After he made Mountain, a producer asked him what he would like to do next, and he said Dune. He had not even read it! The rights were fairly cheap at the time, so he obtained them and got to work. This was 1976, remember, before Alien, before Blade Runner, before The Terminator, before Star Wars. So who does he hire to design the stuff for his movie? Why, the very people who would become famous later for working on those films and others: H.R. Giger, Dan O’Bannon, Chris Foss, Jean Giraud (AKA Mœbius). Also Salvador Dali (who wanted to be paid $100,000 per hour, so they wrote his part so it could be filmed in an hour!), Orson Welles, Pink Floyd, Tangerine Dream, and Mick Jagger.

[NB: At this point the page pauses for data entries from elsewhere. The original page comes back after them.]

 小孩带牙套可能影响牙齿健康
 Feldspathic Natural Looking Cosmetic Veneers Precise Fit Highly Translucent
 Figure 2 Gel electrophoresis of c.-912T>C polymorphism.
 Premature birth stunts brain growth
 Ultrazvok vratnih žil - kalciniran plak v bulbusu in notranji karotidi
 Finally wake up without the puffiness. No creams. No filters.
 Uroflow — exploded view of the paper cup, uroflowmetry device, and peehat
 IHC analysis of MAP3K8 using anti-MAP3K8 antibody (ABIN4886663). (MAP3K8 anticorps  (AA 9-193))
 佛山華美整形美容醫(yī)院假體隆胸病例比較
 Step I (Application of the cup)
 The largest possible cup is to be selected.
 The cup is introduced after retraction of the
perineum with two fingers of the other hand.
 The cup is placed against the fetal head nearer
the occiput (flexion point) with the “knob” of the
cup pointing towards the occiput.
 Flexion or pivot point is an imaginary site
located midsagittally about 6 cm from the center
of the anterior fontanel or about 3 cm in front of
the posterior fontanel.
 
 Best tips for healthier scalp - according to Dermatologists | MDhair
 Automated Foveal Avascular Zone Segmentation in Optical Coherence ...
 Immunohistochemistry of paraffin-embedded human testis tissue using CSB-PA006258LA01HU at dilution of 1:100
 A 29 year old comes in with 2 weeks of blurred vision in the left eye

What they produced was meticulous storyboards and a lot of really incredible art, and a script that would run fourteen hours. So it all fell apart. Dan O’Bannon had been so wrapped up in it that he ended up broke and homeless, and he had a nervous breakdown. But when he got well he started work, along with Giger, on Alien.

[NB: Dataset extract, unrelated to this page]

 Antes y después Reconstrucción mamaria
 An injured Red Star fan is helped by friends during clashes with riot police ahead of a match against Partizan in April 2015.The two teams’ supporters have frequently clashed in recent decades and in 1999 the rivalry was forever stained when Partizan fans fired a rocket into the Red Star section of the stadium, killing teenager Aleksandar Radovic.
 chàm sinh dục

I’m conflicted about this guy. Frankly, I was never a big fan of the book, and have never read any of the countless sequels. And Jodorowsky admits that he “raped” the book, raped Frank Herbert. In fact, he’s proud of it. He has Paul what’s-his-name die at the end. And yet, everything I’ve read says that Herbert got along with him. And when the movie was finally made by David Lynch, it was a disaster, and didn’t satisfy anyone. One thing you could have said about this movie if it had been made: It would have been interesting. Another thing: visually stunning, like nothing we had ever seen before … but soon would, in all those other films. He was ahead of his time, no question.

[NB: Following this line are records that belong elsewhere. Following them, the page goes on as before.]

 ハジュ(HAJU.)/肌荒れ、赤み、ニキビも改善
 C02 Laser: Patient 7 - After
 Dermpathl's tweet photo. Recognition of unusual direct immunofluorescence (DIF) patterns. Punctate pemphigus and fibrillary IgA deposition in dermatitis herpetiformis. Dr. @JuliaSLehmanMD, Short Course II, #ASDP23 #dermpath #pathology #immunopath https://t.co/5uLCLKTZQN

I know that as a novelist I should be horrified at the idea that someone would take a book and radically change it. Strangely, I’m not. Not if it works. Some directors are like that, Kubrick being a prime example. When he made Lolita it wasn’t a Nabokov movie, it was a Kubrick movie. Same with The Shining, which Stephen King hated. Robert Altman was another. His The Long Goodbye had nothing to do with Philip Marlowe except some of the plot. He took it and made a film that he considered a satire, and I love it, though I’m a big Raymond Chandler fan.
Well, no matter about that, we will all have our opinions. What I can say about this movie about the not-making of a movie is that it is fascinating. Most of the people involved are interviewed, and they all seem to like the crazy Spaniard. Jodorowsky struggles with the language and switches back to Spanish sometimes, and I couldn’t help getting to like him. He is a mystic, he has his vision, and he is passionate about it. He should probably stick to writing his own scripts instead of buying novels, I guess.